Everything from the colors and images to the calls-to-action and language influence the FTUE, and ultimately, whether your users stay or not.
If your FTUE is too ambiguous or complicated, users will leave. Retaining users after the first week is about requesting what you need from the user so you can successfully deliver what they want from your app.
Here are proven first-time user experience best practices (with examples!) that boost user retention:
Everyone downloads an app for a reason. Whether it’s to listen to music, have goods delivered, or just to pass the time, users expect to achieve a specific goal when they download your app.
The most successful user onboarding helps users reach their goal by delivering value as soon as possible.
A common mistake apps make during the first-time user experience is requesting personal details like an email address or location access too soon, without giving a reason why they need it. 82% of users say they want apps to provide a clear reason for requesting personal information.2
Instead, think about what personal information your users already know they need to give you.
If you’re a food delivery app, they know they need to provide their address. If you’re a travel app, they know they have to provide you with target destinations and estimated travel dates. Asking for this information up front can help users see value almost instantly.
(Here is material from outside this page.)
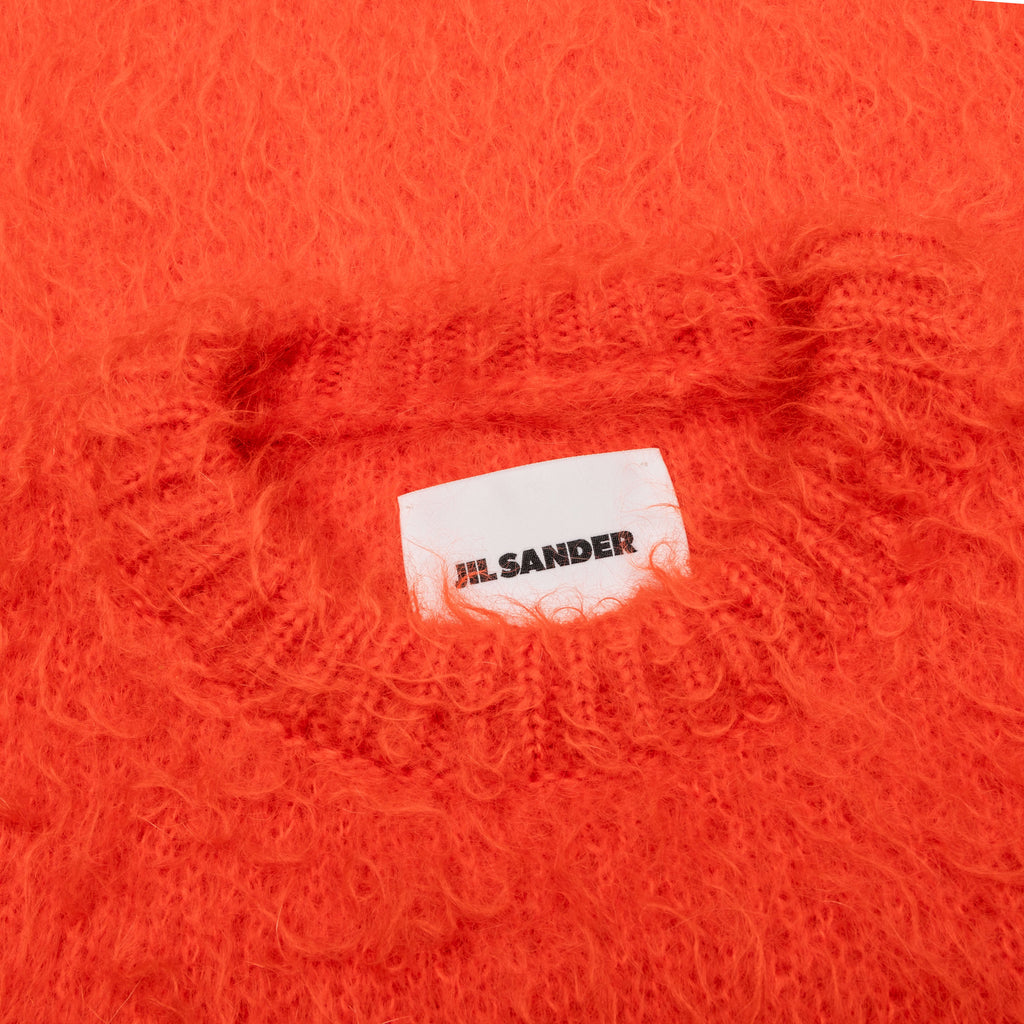 Crewneck Sweater Poppy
Once downloaded, Instacart gives you a clear and simple action item: enter your zip code.
Next, it asks which store you want groceries delivered from today. This encourages further engagement while telling the user the grocery stores that can deliver through the app.
Then, it requests your email and explains why: order updates and receipts.
If there’s anything we’ve learned from social media apps like Facebook and Instagram, it’s that users love to share opinions.
Asking for likes and dislikes is one way to engage a new user while further personalizing their experience. Especially for streaming services and content curating apps, having users select their preferences during the onboarding process allows them to choose what they wish to get out of your app.
You can learn more about your user, and they can learn more about the topics they care about. Everyone wins!
The first step in their first-time user experience involves selecting your interests. Notice how Reddit doesn’t request any personal information right away.
Next, it instantly drops you into a list of suggested communities based on your interests.
From there it drops you into your personalized news feed. Only when you go to perform an action like share or comment does it ask you to create an account. This prevents users from abandoning the app before seeing value.
For some apps, the first-time user experience is about setting expectations with a product tour. This gets the user familiar with the look and feel of the app and helps them assess whether they will actively use it.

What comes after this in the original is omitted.